- _Required action_: Output exactly the lines below, starting with the line that has "Kangshi supplies aluminum" and going on through the line that has "thumbnail image 4", both included, and no other lines.

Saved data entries

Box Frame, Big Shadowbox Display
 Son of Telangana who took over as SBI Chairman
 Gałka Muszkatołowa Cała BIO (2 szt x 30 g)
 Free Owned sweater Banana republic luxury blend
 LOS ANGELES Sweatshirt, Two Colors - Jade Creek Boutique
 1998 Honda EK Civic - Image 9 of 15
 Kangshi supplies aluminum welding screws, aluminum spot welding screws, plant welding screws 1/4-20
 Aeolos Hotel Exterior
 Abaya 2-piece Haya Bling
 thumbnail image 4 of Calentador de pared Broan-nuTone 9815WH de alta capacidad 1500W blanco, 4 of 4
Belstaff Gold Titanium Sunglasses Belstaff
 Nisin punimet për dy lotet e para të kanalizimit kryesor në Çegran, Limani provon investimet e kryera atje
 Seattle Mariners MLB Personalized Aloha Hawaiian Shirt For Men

- _Exercise output_:
 Kangshi supplies aluminum welding screws, aluminum spot welding screws, plant welding screws 1/4-20
 Aeolos Hotel Exterior
 Abaya 2-piece Haya Bling
 thumbnail image 4 of Calentador de pared Broan-nuTone 9815WH de alta capacidad 1500W blanco, 4 of 4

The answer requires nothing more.